EP260617a: optical observations with LCO
ATel #17850; Gregory Corcoran (UCD), Andrew J. Levan (Radboud and Warwick), Daniele B. Malesani (DAWN/NBI and Radboud), Rob A. J. Eyles-Ferris (Leicester), Jonathan Quirola-Vasquez (Radboud), Antonio Martin-Carrillo (UCD), Peter G. Jonker (Radboud), Jennifer Chacon (PUC)
on 19 Jun 2026; 14:37 UT
Credential Certification: Daniele Malesani (daniele.malesani@nbi.ku.dk)
Subjects: Optical, X-ray, Gamma-Ray Burst, Star, Transient, Variables
We observed the location of the X-ray transient EP260617a (Jiang et al., ATel #17848; ATel #17849) using an LCO 1m telescope located at the Teide Observatory (Spain) equipped with the SINISTRO instrument.

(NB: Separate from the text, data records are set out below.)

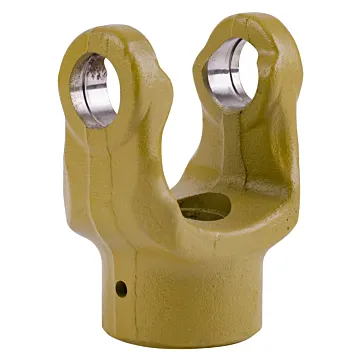 Weasler 14 Series 1-3/8" Round Bore Shear Pin Yoke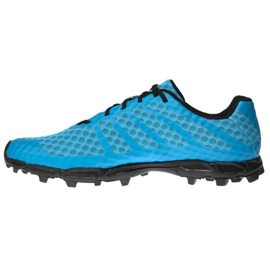 Chaussures de course Inov-8 X-Talon G 210 M 000912-BLBK-P-01 le noir bleu 2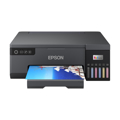 Picture of Printer Epson EcoTank L8050 22str/min.Rezolucija 5.760 x1.440DPI. Borderless Print, Štampanje CD-ova i DVD-ova. tinte Epson 108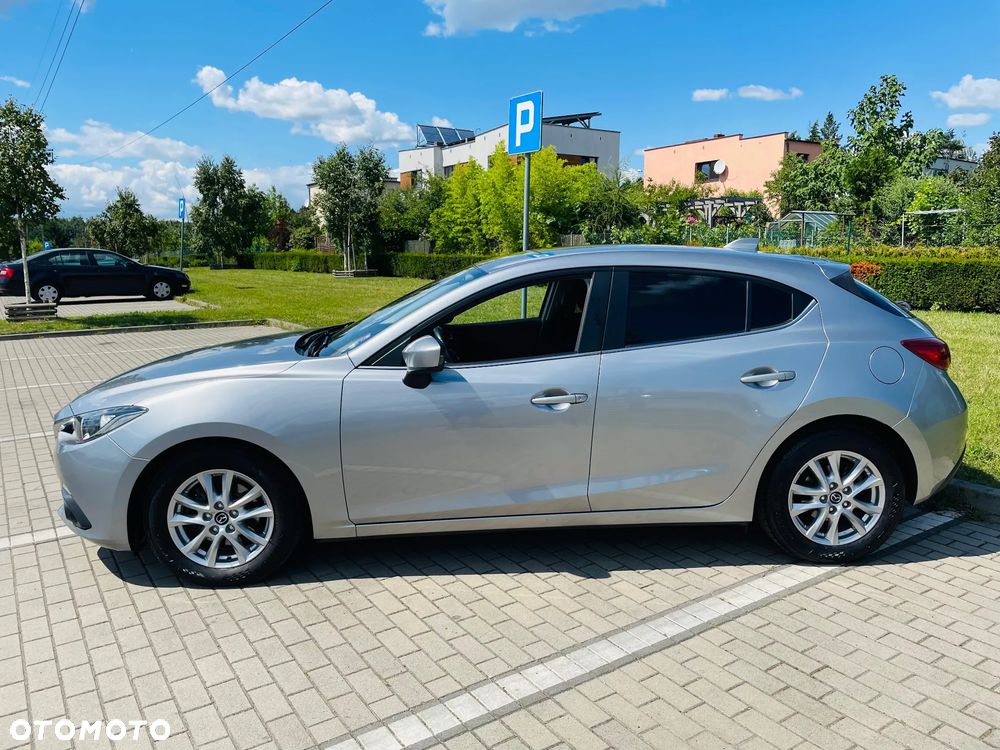 Mazda 3 SKYACTIV-G 120 Exclusive-Line - 2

We obtained 6x300 s exposures in the SDSS-r filter starting on 2026-06-18 at 21:05:41 UT (mid time of the exposure: 43.35 hr after the first detection by EP/WXT).
Image subtraction was carried out against the Legacy Survey images of this field. No new sources are visible within the EP/WXT error localization. The 3-sigma limiting magnitude of our LCO image is r > 22.7 (AB), calibrated against the Pan-STARRS catalog and not corrected for Galactic extinction.

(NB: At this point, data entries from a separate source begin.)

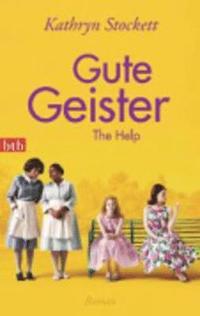 Gute Geister (inbunden)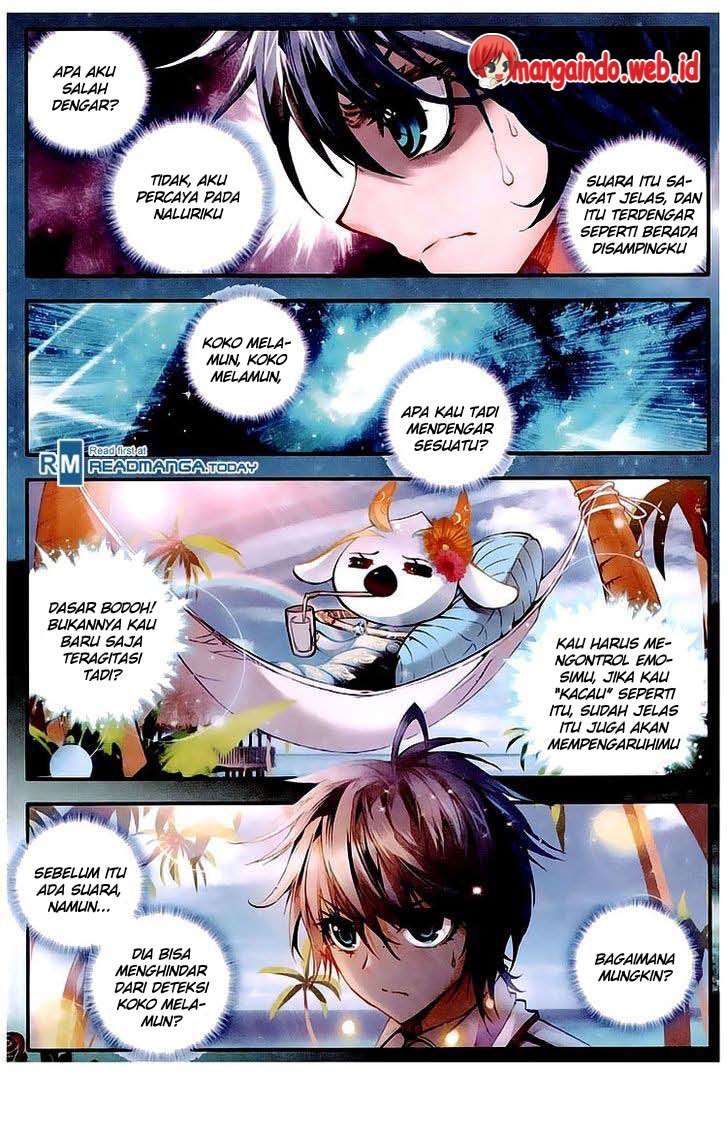 Soul Land 2 Chapter 29 Gambar 19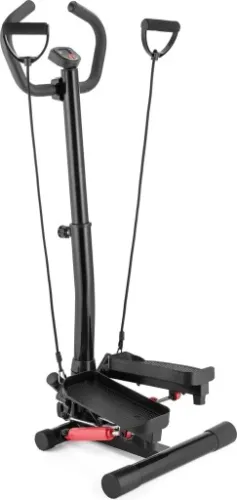 STEPPER SKRĘTNY Z RAMIONAMI I LINKAMI DO ĆWICZEŃ FITNESS GYMTEK na Arena.pl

We note the presence of an historically strongly variable star inside the WXT error circle, at coordinates:
RA = 13:56:02.39
Dec = -01:36:26.4
In our observation, the star has a magnitude r = 15.55 +- 0.01, which is consistent with recent measurements from ZTF (e.g. https://alerce.online/object/ZTF18abcvnmf). The star distance, while not measured, is > 1 kpc given the lack of parallax measurement in Gaia. This previous monitoring is suggestive of large amplitude variability (spanning one magnitude peak to trough, although with some variation in amplitude) with a period of 210 days. The relationship of this star with the EP event remains unclear, though we note that such high-amplitude variables are rare in the sky, especially outside the Galactic plane.